Park Jae-Beom, Slom – Blue Check Remix

Park Jae-Beom aka Jay Park ist in Korea ein Superstar. Park wurde in Edmonds in der Nähe von Seattle geboren. Begann seine Karriere dort als B-Boy und wurde in Korea als Sänger der Boyband 2PM Ende der Nullerjahre bekannt. Mittlerweile hat er die HipHop-Labels AOMG und H1ghr Music gegründet und widmet sich auch stilistisch fast ausschließlich HipHop und Rap. Beide Stile wurden in Südkorea primär von der Westcoast geprägt, weil in Los Angeles eine der größten Communitys außerhalb des Landes besteht und über den Pazifik seit jeher eine starke kulturindustrielle Achse entstanden ist. Für den großen YouTube-Kanal Dingo Freestyle wird hier der Song „Blue Check“ performt. Dieser Clip ist ein eindrucksvoller Showcase und zeigt die Vielfalt von talentierten Rappern und Rapperinnen im Land.
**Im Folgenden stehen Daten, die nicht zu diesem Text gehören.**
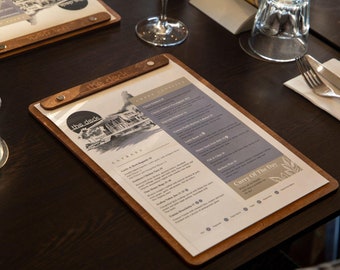 Handcrafted Wooden Menu Holder - Menu for Restaurants, Cafes, Pubs - Customizable Tabletop Menu Display. Available for A5, A4, Custom Sizes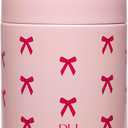 Paris Hilton Stainless Steel Food Jar, Double Wall Vacuum Sealed Insulated Food Storage Container with Carry Handle Lid, 12-Ounce, Pink with Bow Design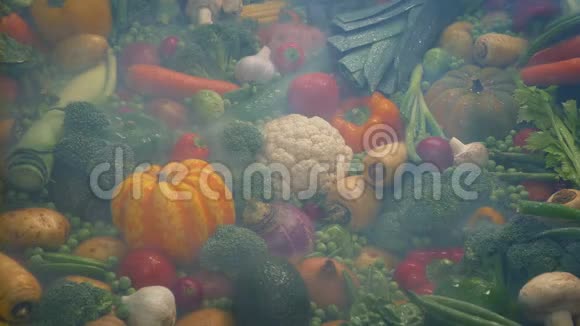 一堆蔬菜上的冷冻蒸汽视频的预览图
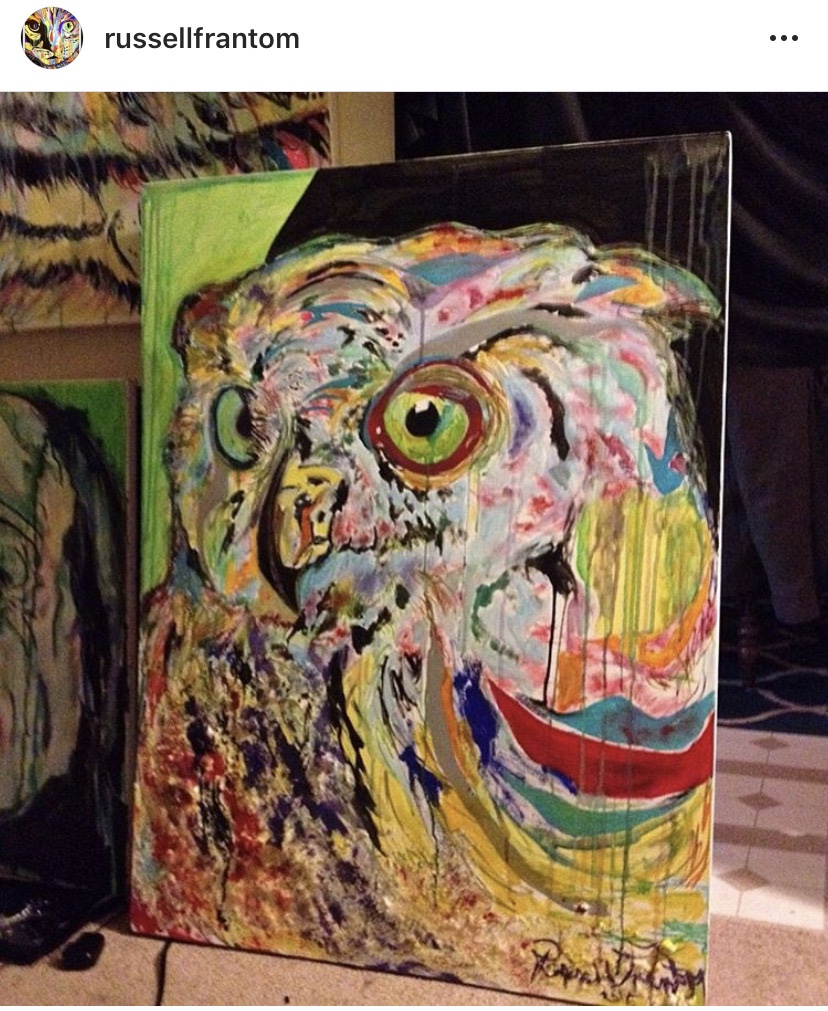 (Sold) mixed media yellow owl painting, untitled, by artist Russell frantom 2015 ​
Mit dabei sind neben Park Jae-Beom und Slom, 365LIT, Jupter, Khan, Xinsayne, No Youn-Ha, Sokodomo, Koalla, Jambino, Chillin Homie, NSW yoon und die großartige Lee Young-Ji. Der Song selbst ist eine kritische Auseinandersetzung mit den negativen Auswirkungen von sozialen Medien auf die Gesellschaft.